● Brief: Find the line with "1825 Brigantine Dr, Southold, NY" in the entries below, then output every line from it down to the line with "image for item", exactly and with no pictures.

● Data for review:

________________________

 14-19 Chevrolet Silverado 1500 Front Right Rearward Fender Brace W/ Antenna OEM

________________________

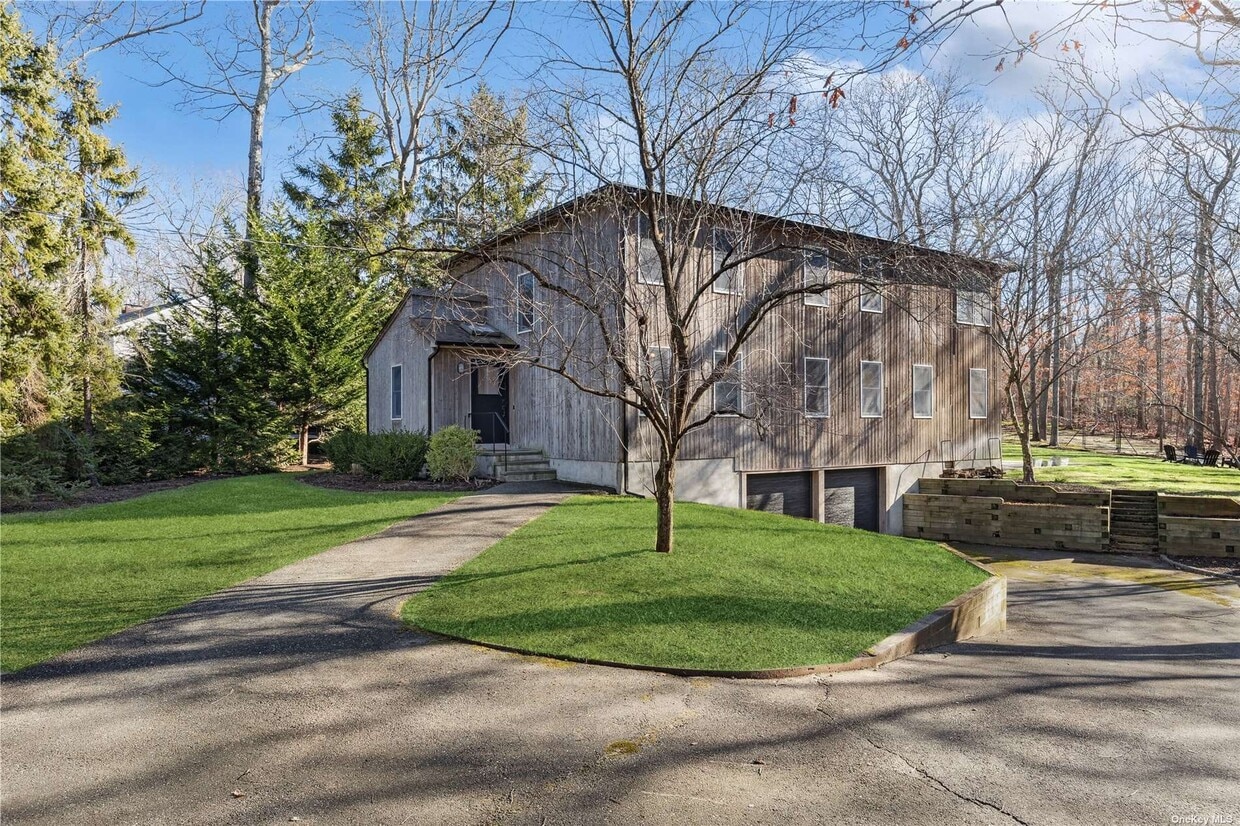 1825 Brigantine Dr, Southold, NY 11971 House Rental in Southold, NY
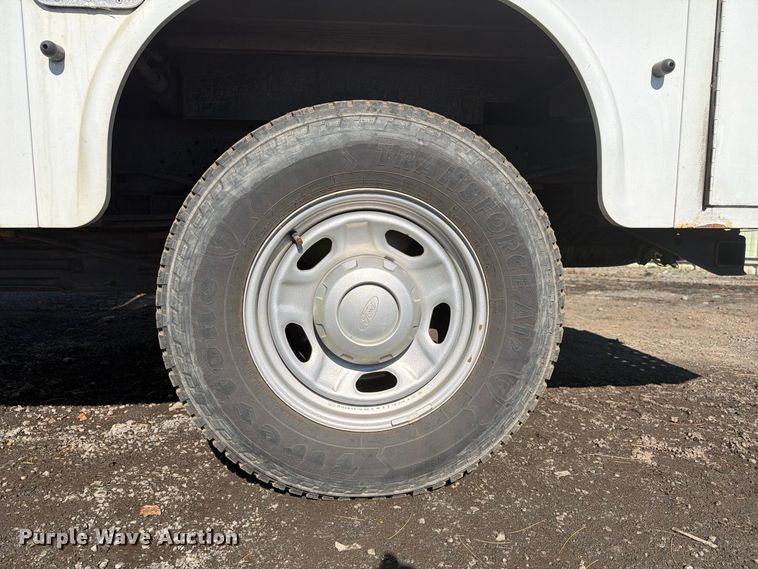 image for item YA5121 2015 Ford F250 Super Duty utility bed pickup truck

________________________

● Response to this exercise:
 1825 Brigantine Dr, Southold, NY 11971 House Rental in Southold, NY
 image for item YA5121 2015 Ford F250 Super Duty utility bed pickup truck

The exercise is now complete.